[Crawled caption data]

_____

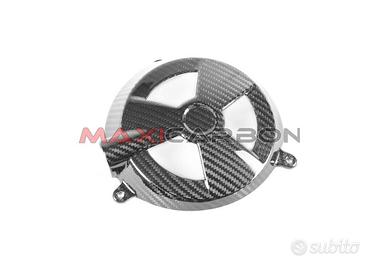 Cover frizione carbonio S1000XR 20-23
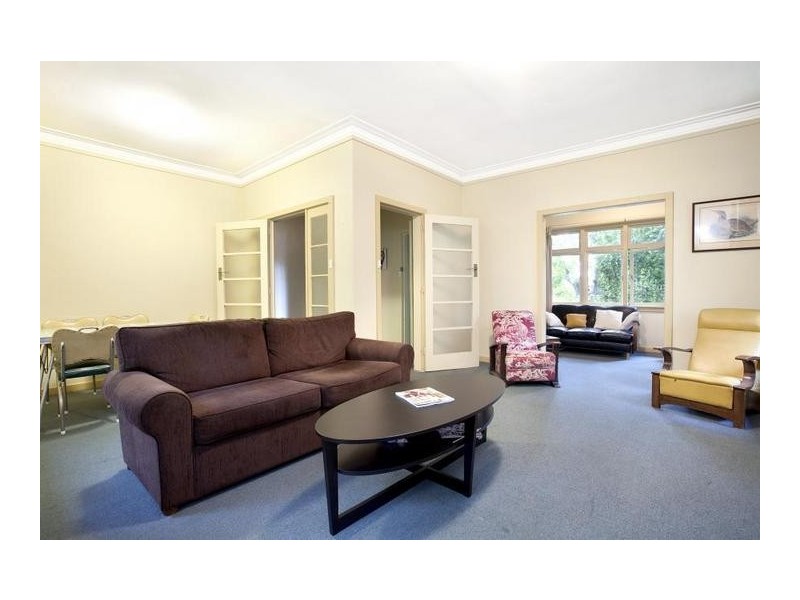 2 Belmont Avenue, Wollstonecraft NSW 2065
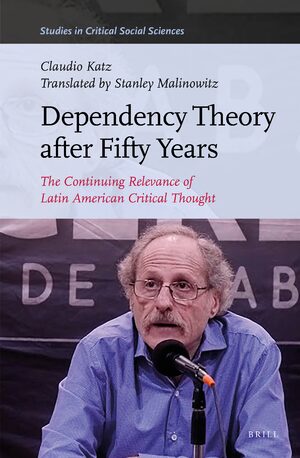 Cover Dependency Theory After Fifty Years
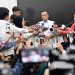 Mensesneg: Partisipasi Publik dalam Pemilihan Logo HUT Ke-81 Wujud Gotong Royong terhadap Bangsa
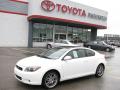 2007 tC  #1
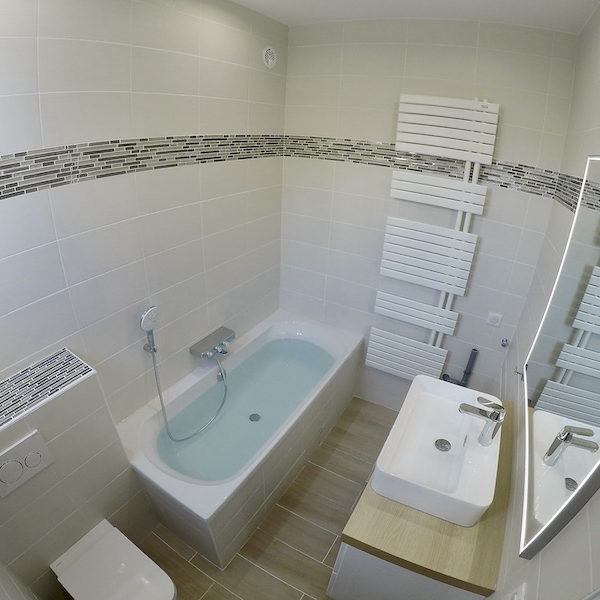 APRÈS notre intervention ! APRÈS notre intervention !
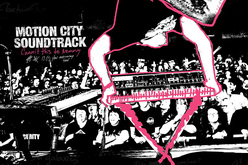 Motion City Soundtrack / All Get Out / Neil Rubenstein on Jun 26, 2022 [247-small]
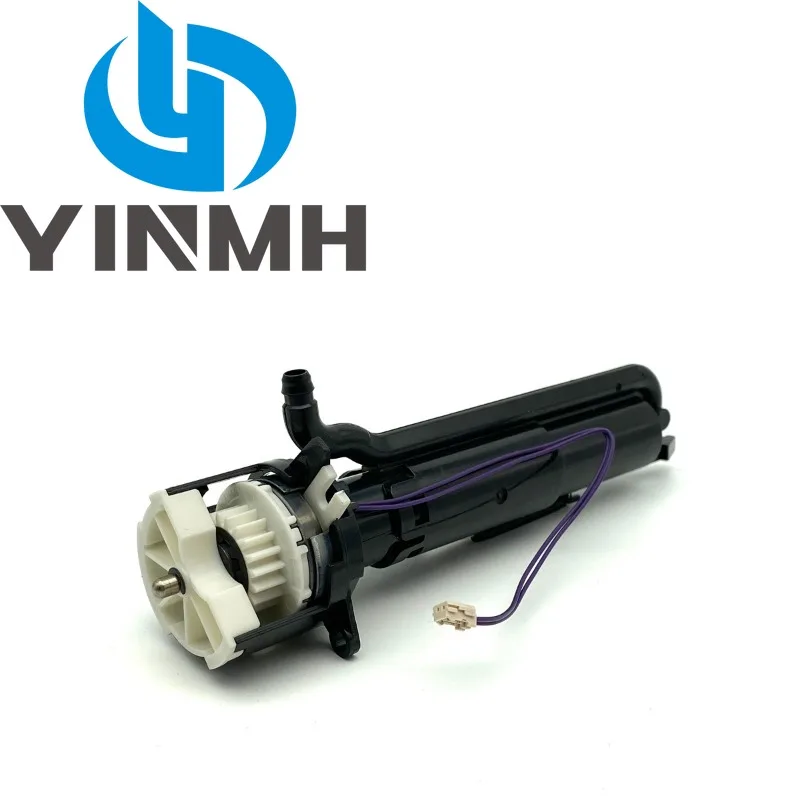 

1 шт., тонер-насос для Ricoh MPC3300 2800 4000, 4 цвета B.C.M.Y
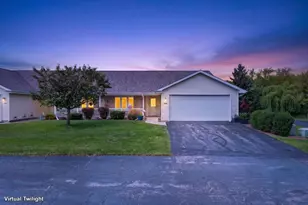 93 Queens Way, Fond du Lac, WI 54935 - Photo 59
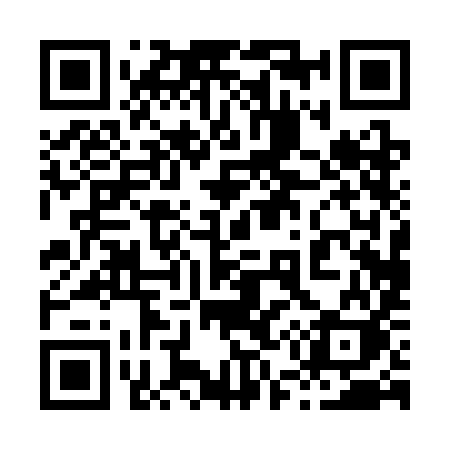 QR code for 8503IK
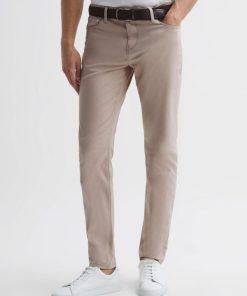 Attireforge.shop24183d59bb 3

_____

### Task directions
The entries should be reproduced word for word, pictures omitted.

### Your response
 Cover frizione carbonio S1000XR 20-23
 2 Belmont Avenue, Wollstonecraft NSW 2065
 Cover Dependency Theory After Fifty Years
 Mensesneg: Partisipasi Publik dalam Pemilihan Logo HUT Ke-81 Wujud Gotong Royong terhadap Bangsa
 2007 tC  #1
 APRÈS notre intervention ! APRÈS notre intervention !
 Motion City Soundtrack / All Get Out / Neil Rubenstein on Jun 26, 2022 [247-small]

1 шт., тонер-насос для Ricoh MPC3300 2800 4000, 4 цвета B.C.M.Y
 93 Queens Way, Fond du Lac, WI 54935 - Photo 59
 QR code for 8503IK
 Attireforge.shop24183d59bb 3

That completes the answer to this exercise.